Five of the best books on climbing mountains
The books and a documentary that capture the pull of the peaks
MOUNTAINEERING HAS gone mainstream. What was once a pursuit for only the hardiest adventurers is now the extreme sport du jour. Take Mount Everest. In the four decades after Sir Edmund Hillary and Tenzing Norgay first reached the summit in 1953 an average of 12 people a year followed in their footsteps. In 2023 more than 1,200 people attempted the climb; 655 reached the summit and 18 died trying. The ascent of Everest is now an industry: for between $35,000 and $110,000 guides will take novices to the top of the world. But the new commercialism should not detract from the romance of mountaineering. These five books and a documentary allow armchair alpinists to experience a bit of the thrill with none of the peril.

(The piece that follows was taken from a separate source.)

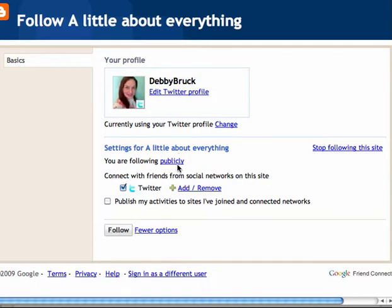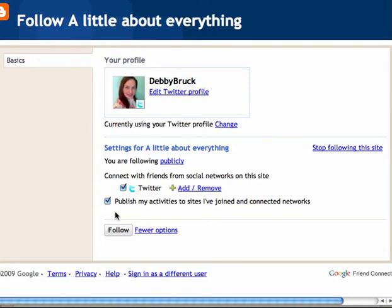And stop following. Here it says the settings — right now I am following it publicly. And then they ask you to connect with friends from social networks on this site. You also have the option to publish your activities to sites you have joined and connected networks. I don't always connect every single thing I do and let other people know about it. So I am just going to click Stop following.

The early history of mountaineering in Europe is in no small part one of British adventurism, which is surprising. Ben Nevis, at 1,345 metres, is Britain’s highest peak. That is less than half as high as Mont Blanc in the Alps (4,805 metres). Yet many of the Alp-conquering protagonists of “Killing Dragons” were Britons. The Alpine Club, the world’s first for mountaineering, was founded in London in 1857. Edward Whymper, the first person to ascend the Matterhorn (4,478 metres), started the craze for tourism in the Alps. Fergus Fleming, a British author, traces the lives and obsessions of explorers, some eccentric, some simply eminent. “Killing Dragons” tells the story of the age and conveys the pull that these—at the time unclimbed—peaks exerted. The exploits of these Victorians were a prelude to the conquests, again often by British climbers, of even loftier mountains in Asia in the 20th century.